A maldade, a mentira, o ato falho, a cobiça e o ódio, a capacidade de ofender, são atributos humanos, não de uma etnia, não de uma minoria, não apenas dos outros. Mas o amor também é atributo humano. A história mostra que é muito mais fácil odiar, mas é muito mais satisfatório amar.

Algumas feridas nunca cicatrizam, muito menos se continuarem sendo perfuradas impiedosamente. Algumas cicatrizes nunca somem e é bom que fiquem bem expostas, não para mostrar que um é pior ou melhor do que o outro e nem para justificar um erro, mas para assimilar que os erros são humanos. Para que sempre nos lembremos de quão bárbaros podemos ser e que já erramos demais, motivados por ganância, por preconceito e por ódio.

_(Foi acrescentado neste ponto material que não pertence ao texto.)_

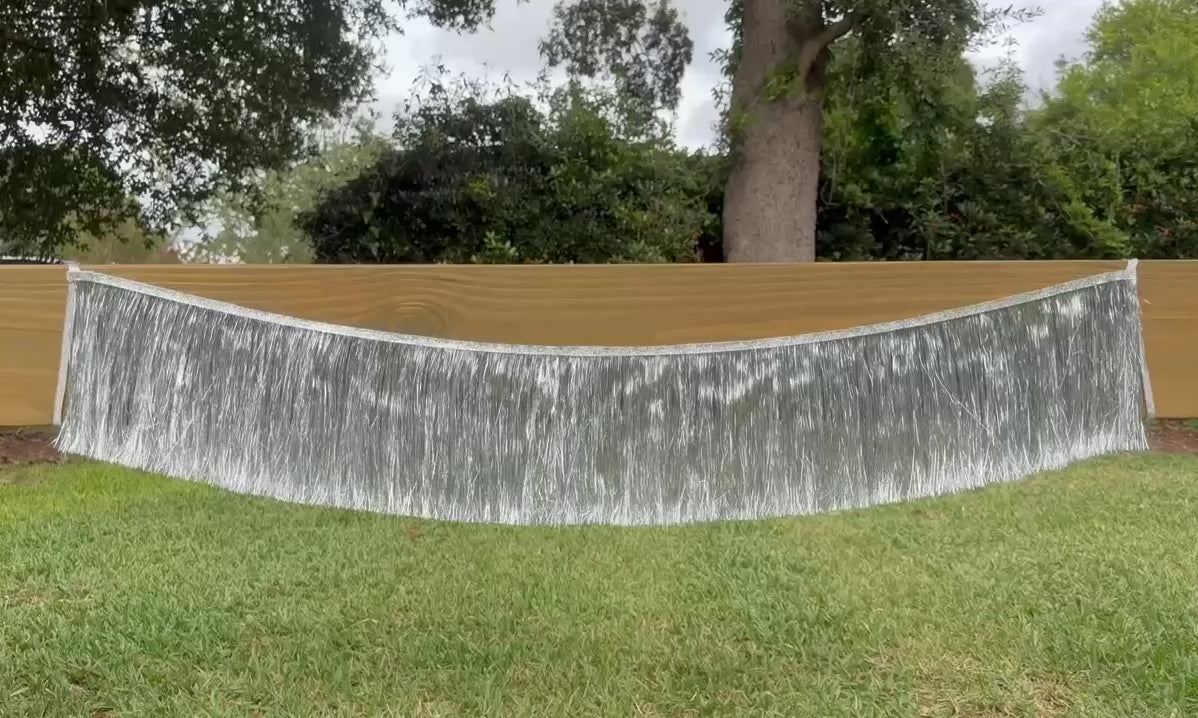 Silver metallic fringe video blowing in the wind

Que não somos nem “sertos” e nem “outhros”, somos “nós”, a humanidade. Dividimos a mesma casa e o mesmo quintal.

Então, naquele dia, aquilo que sempre negamos por ignorância, intolerância, medo e ódio, virou conhecimento, como num insiste revelador e até hoje comemora-se o dia em que aquela consciência, negada por tanto tempo, se incorporou de vez à alma humana.